EFTERKLANG
Windflowers (City Slang)
Looking both to the past and the future on Alien Arms, the opening track of Efterklang’s sixth LP, Casper Clausen reflects that “everything ends”. In the hands of another band, the ephemerality of existence would be cause for lamentation – but for Clausen and bandmates Mads Brauer and Rasmus Stolberg, it somehow becomes a source of consolation. Time and again on Windflowers, the Danes perform the high-wire trick of transforming lines that, on paper, would be dangerously trite – “Only love can find a way,” “Open this has fluctuated up your eyes and look outside” – into profound, moving, sincere sentiment. The album as a whole is an expression of fragile beauty and cautious optimism – a ray of light in dark days.

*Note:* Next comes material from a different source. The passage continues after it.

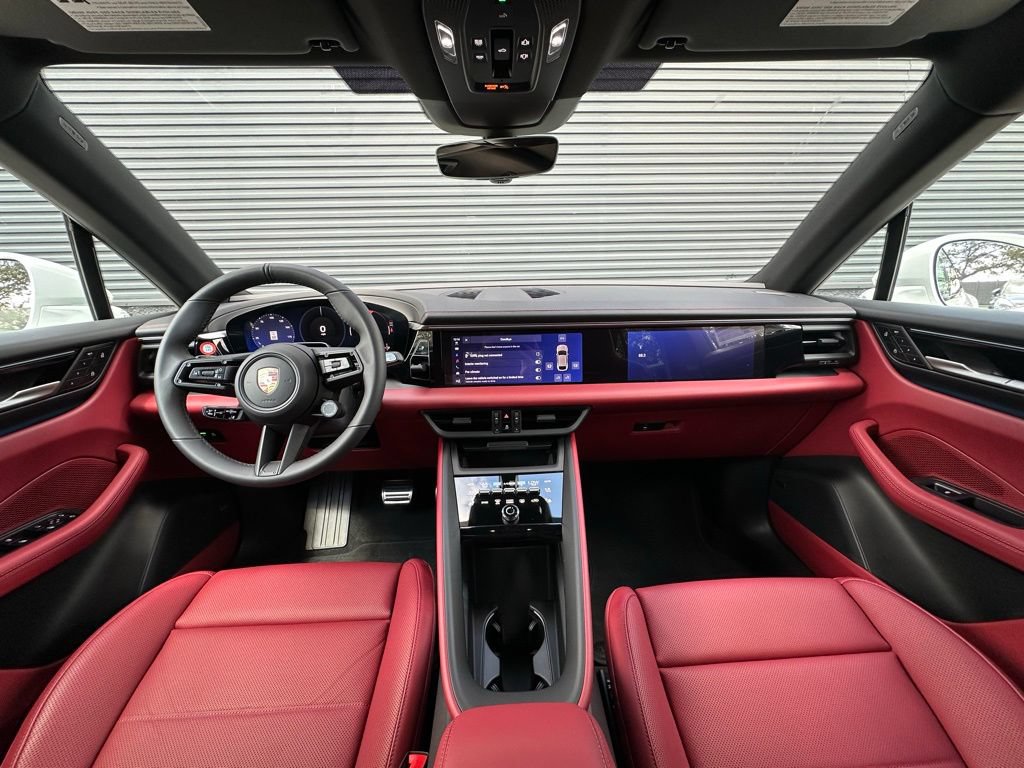 Used 2026 Porsche Macan 4S Electric AWD/4WD image 6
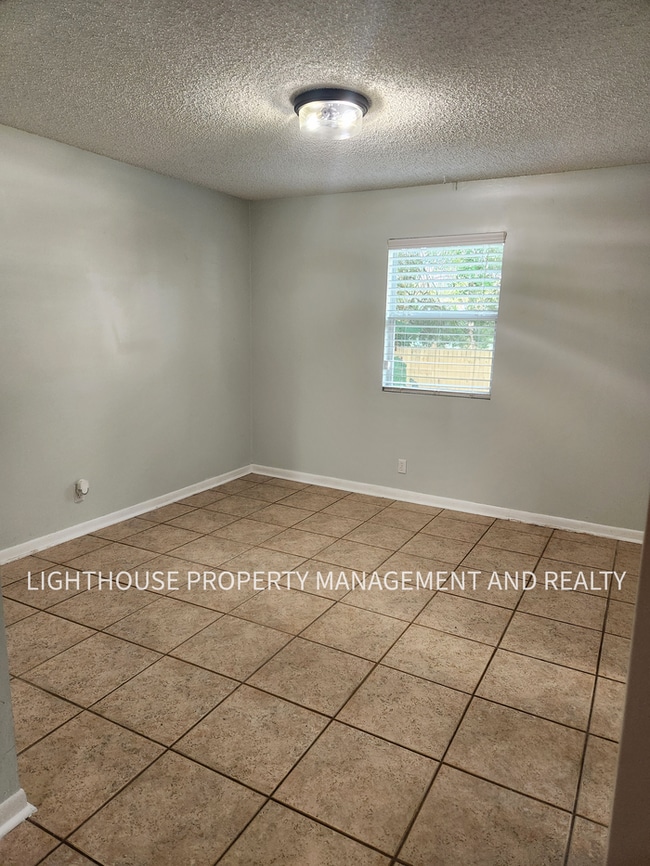 Building Photo - Beautifully Updated 3/2 One Mile from Beach!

Hold Me Close When You Can, a spare piano ballad subtly augmented by both electronics and orchestral instrumentation, probably provides the most heart-stopping moments. But the out-and-proud pop of Living Other Lives and Åbent Sår, the latter of which is translated at the midway mark into pulsing euphorica by Swedish techno guru The Field, are notable for hinting at alternative futures well worth exploring.
words BEN WOOLHEAD
JERUSALEM IN MY HEART
Qalaq (Constellation)
Montreal’s Radwan Moumneh has been using the Jerusalem In My Heart alias for 15 years or so, although my first encounter with him as a musician predates this: he played guitar in Cursed, a gnarly Canadian hardcore band. Releases such as Qalaq, the latest JIMH album, take a very different tack. Its 13 pieces combine abstract, sometimes challenging computer music and traditional Arabic instrumentation, but the whole is nothing if not forthright and powerful.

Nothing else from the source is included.